I agree CMOT the relentless commercial christmas propaganda does not help. But then you have to remember that even without dependent elderly parents, not everyone has a great time. Dad seemed pleased to see me, did not have much concept of Christmas, wanted to do his usual stuff (walk into town, try and get into other people's homes and cars, keep running the bath and get in, often only half undressed). And his home! I think it is beyond salvaging, or rather will one day need to be entirely gutted. Everything in it is broken, or irredeemably dirty, or completely out of date and now useless. I spent about 4 hours with the sugar soap gun scrubbing down a decade of grime on doors and walls. Scraped s..t off the toilet wall, etc. Bro looked mildly pleased but really doesn't care about squalor, it's sad. It seems my parents just simply did not teach him any life skills. But maybe his mental illness has just negated whatever work they did with him.
One nice thing we managed to do is go to choral evensong at Dad's local cathedral on Christmas day. It was beautiful. i let a cathedral official know in advance that Dad has dementia and so they were understanding and helpful when Dad walked off half way through and needed some assistance on the stairs.
I feel Dad is getting closer to the point of needing residential care. Maybe 2015 will be the year.

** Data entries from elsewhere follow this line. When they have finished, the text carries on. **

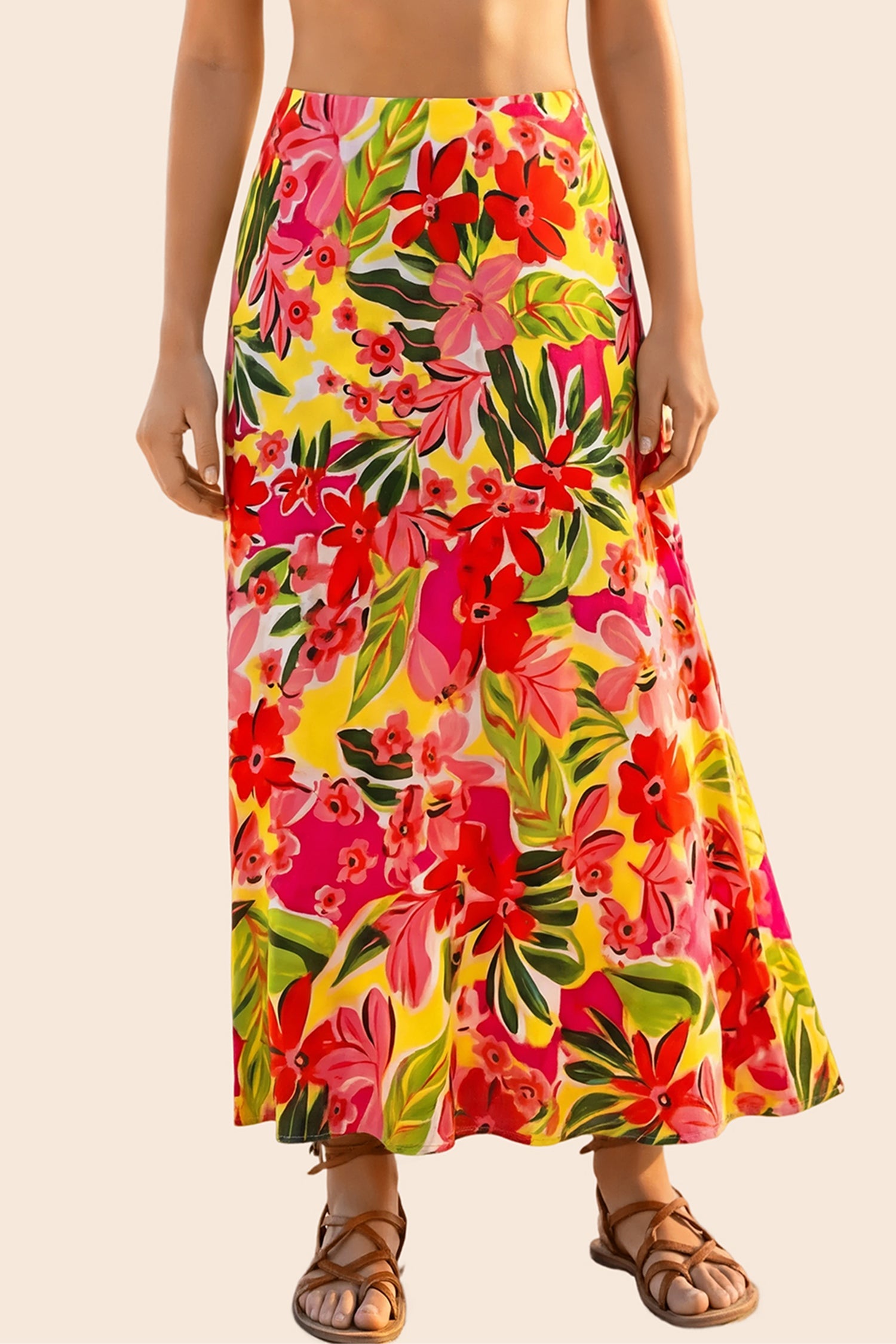 Vacation Long Skirts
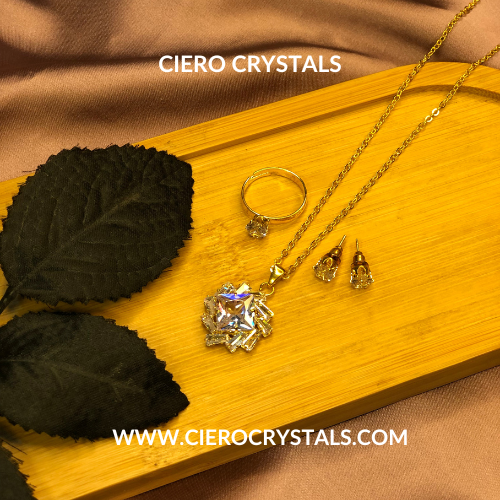 Celestial Elegance Pendant Set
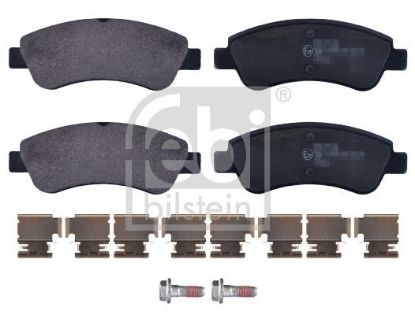 Brake Pad Set, disc brake Peugeot 4252.59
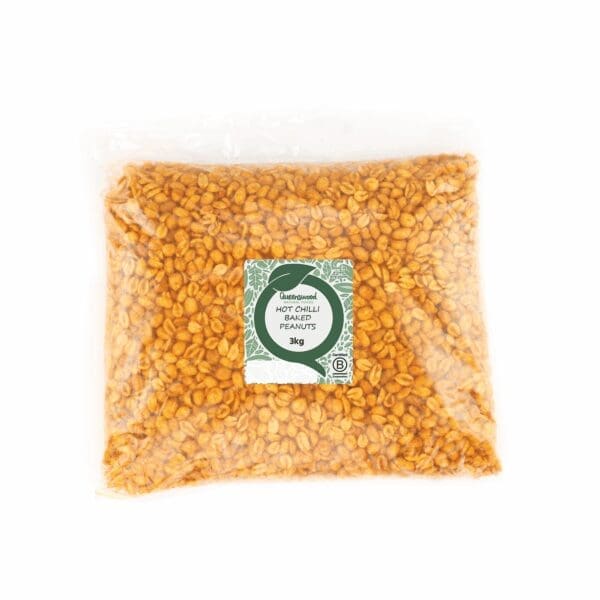 Hot Chilli Baked Peanuts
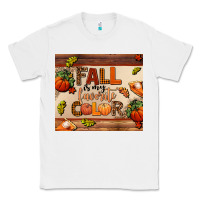 White fall is my favorite color Classic Tee - AdoDesignShop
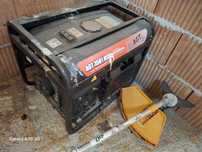 Vand generator 3KWh AGT 3501 HSB nefolosit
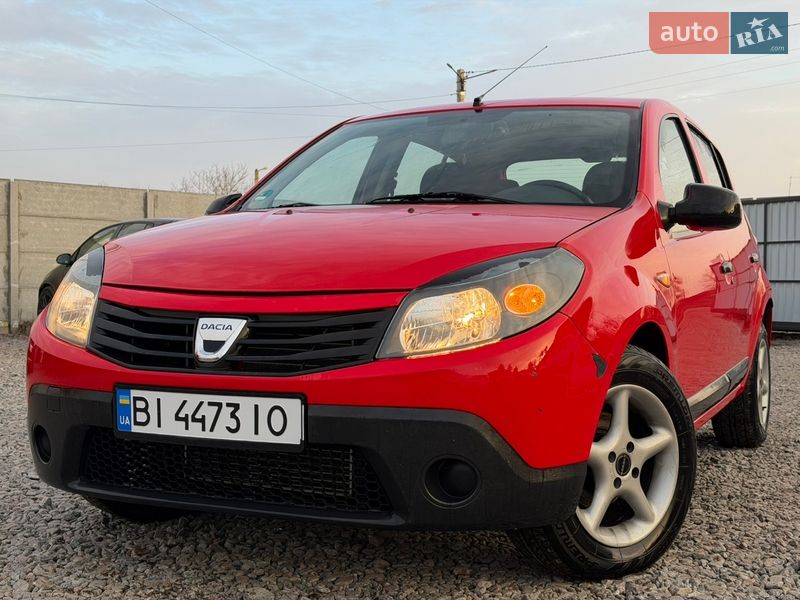 Dacia Sandero 2008 Dacia Sandero 2008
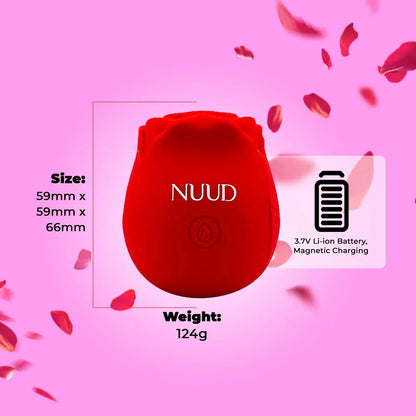 NUUD Rose Sucking Vibrator Twisted Fantasies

PingPongBat Wed 31-Dec-14 15:32:11

We managed to get Mum here for an hour and a half on Xmas day, we weren’t sure if she was going to make it until about an hour beforehand. She’d hurt her back again a few days earlier & is now practically confined to bed, like she was in the summer. On top of that her immune system is very weak, so with colds everywhere in our house we thought it wasn’t going to happen. The idea of my parents being on their own on Xmas day was hard for me to accept, I was so relieved & pleased they came. She looked so tired and thin though. Dad cried when I dropped them home after lunch (relief as much as anything else, I think) & Mum was asleep within minutes.

In contrast we couldn’t wait to see the PILs leave – they’d been here for a week which is just far too long. FIL is just one of the most annoying people on the planet, so I spent much of the week hiding in the kitchen & our bedroom. DCs had a good time I think, although DS(15) has been in his room for 2 days looking glum & doesn't appear to be eating anything apart from cereal & bagels hmm

Pleased to hear your Xmas was OK Theas. CMOT and bob you seem to have spent a lot of Xmas day cleaning – I hope you both had some more relaxing, enjoyable moments too!